By the end of the year, it is predicted that mid and large-cap stocks will see their “relentless outperformance” come to a halt, as they flirt with bear market territory and slip by 16.4%.
This comes from a new report published by advisory firm Capital Economics, written in response to last week’s 25-basis point interest rate cut announced by the US Federal Reserve. This is predicted to happen as investors realize that the length of the Fed’s rate-cutting cycle was to optimistic, as were the forecasts for US corporate earnings.
Sound familiar? This was essentially how last year came to an end. As one of the co-authors of the report, Capital Economics senior economist Oliver Jones wrote, as 2019 comes to a close over the next four months, it is believed that investors will cause a selloff of stocks that will have such great momentum, it will pass 10% and cause a “contagion” that more investors will join.
As a reference in the study, the analyst firm followed the MSCI USA Index, which is made up of more than 600 mid-to large-cap stocks.

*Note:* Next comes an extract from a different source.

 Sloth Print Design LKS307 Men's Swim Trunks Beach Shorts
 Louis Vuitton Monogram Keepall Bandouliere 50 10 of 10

It suggests that end-of-year losses will result in it gaining only 1.9% in 2019, up 21.9% year-to-date.
There is a positive clearing on the horizon in the report, which notes that markets will recover by next year and continue to stabilize (much like how things transpired from late ’18 to early 2019), as investors figure out how much they’ve oversold.
Jones explained that a sharp fall in the market like this sees the most cyclical sectors (that had the best performance on the way up) become the hardest hit - “That would be the pattern we’d expect and a reversal of that when the recovery begins.”
After injecting more than $100 billion into the financial system over 48 hours (this is over half of Bitcoin’s total market cap, for reference), US markets bounced from highs to lows on the Fed’s rate cut last week. Click the image below to launch a video from the Federal Reserve Bank of St. Louis' "In Plain English" series explaining the Fed's role in the overall marketplace.
Jones noted that markets had been hoping for an aggressive cut from the Fed to inject a shot in the arm for next year, but now it appears to be treading more cautiously.
In turn, he advises investors to expect slower earnings-per-share growth (EPS - profit divided by the outstanding shares) from market leaders who have been at the forefront of the upswing.
Jones estimated that since the past EPS performance of these North American companies has been solid, especially compared to overseas competitors, it swelled their value. Engaging into a buyback program has artificially inflated some of their numbers because it lowers the number of their outstanding shares.
This has become a strategy for some multinational companies to - “Flatter their accounts and report their earnings in a way that looks particularly favourable,” he said.